OF WILT, JIM BROWN AND TALKING ABOUT GOATS
By STEVE KING
Tuesday was a big day in sports history.
It was the 59th anniversary of Wilt Chamberlain’s most memorable game.
It was on March 2, 1962 that “The Big Dipper,” or “Wilt the Stilt,” as he was also known, then playing for the Philadelphia Warriors before the franchise’s move to San Francisco, scored what is still an NBA-record 100 points in a 169-147 win over the New York Knicks in Hershey, Pa. He had 59 points in the second half alone and made 28 free throws, also still a league mark.
The 7-foot-1, 275-pound center averaged 44.8 points per game that season after averaging — get this — 50.4 the previous year. In the two seasons before that — his first years in the NBA –, he averaged 37.6 and 38.4 points. From 1963-65, he averaged 36.8, 34.7 and 33.5. Plus he averaged 22.9 rebounds a game for his 14-year career.

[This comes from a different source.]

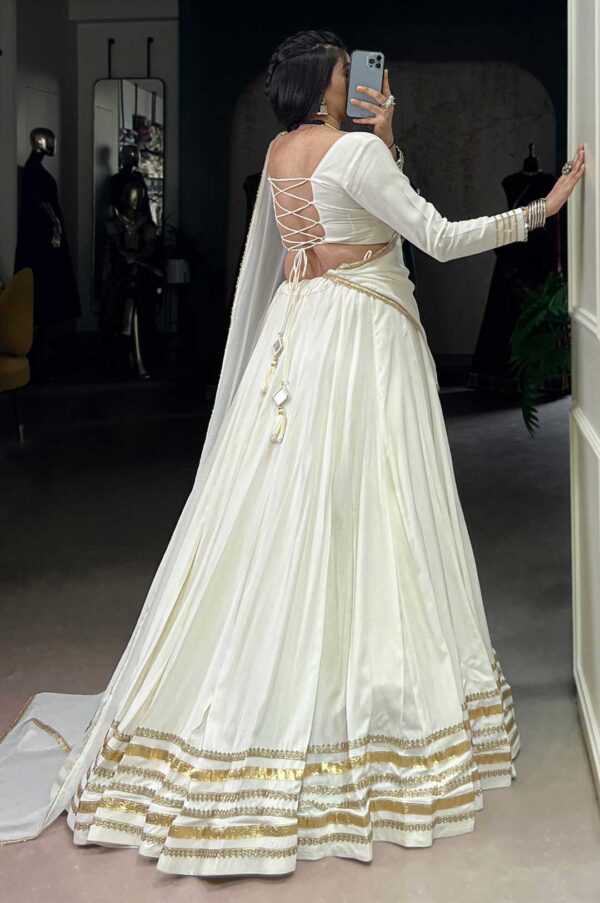 White Pure Rayon Lehenga Set with Original Mirror Work & Marble Dupatta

A friend of mine who is a longtime high school basketball coach, and a real junkie about the sport, has a piece of the floor from the Hersheypark Arena at which the game was played. He got it from a friend who works for the Philadelphia 76ers. Talk about a cool memento!
Anyway, why all the talk about Chamberlain?
Because we’re all caught up these days in GOAT — greatest of all-time — discussion in every sport, everything, really, even non-sports.
As basketball fans and the so-called experts go back and forth between Lebron James and Michael Jordan for the greatest-ever tag, everybody forgets about Chamberlin, probably because he played so long ago. With numbers like I mentioned earlier, shouldn’t he be in the conversation, too?
In evaluating players from different eras, it’s not, “Could Wilt Chamberlain play today?” That’s silly, goofy. Rather, in looking at greatness, ask this simple question, “Was Wilt more dominant against his own competition than, say, James or Jordan were against theirs?”
Chamberlain was born in 1936, about six months after Browns Pro Football Hall of Fame running back Jim Brown. Just as Chamberlain was light years ahead of everybody he played against, producing video-game-like statistics, so was Brown in the same. era That’s why I — and many others — call Brown the greatest football player ever. It has nothing to do with trying to determine if Brown could play today. Are you kidding? He’s 85 years old.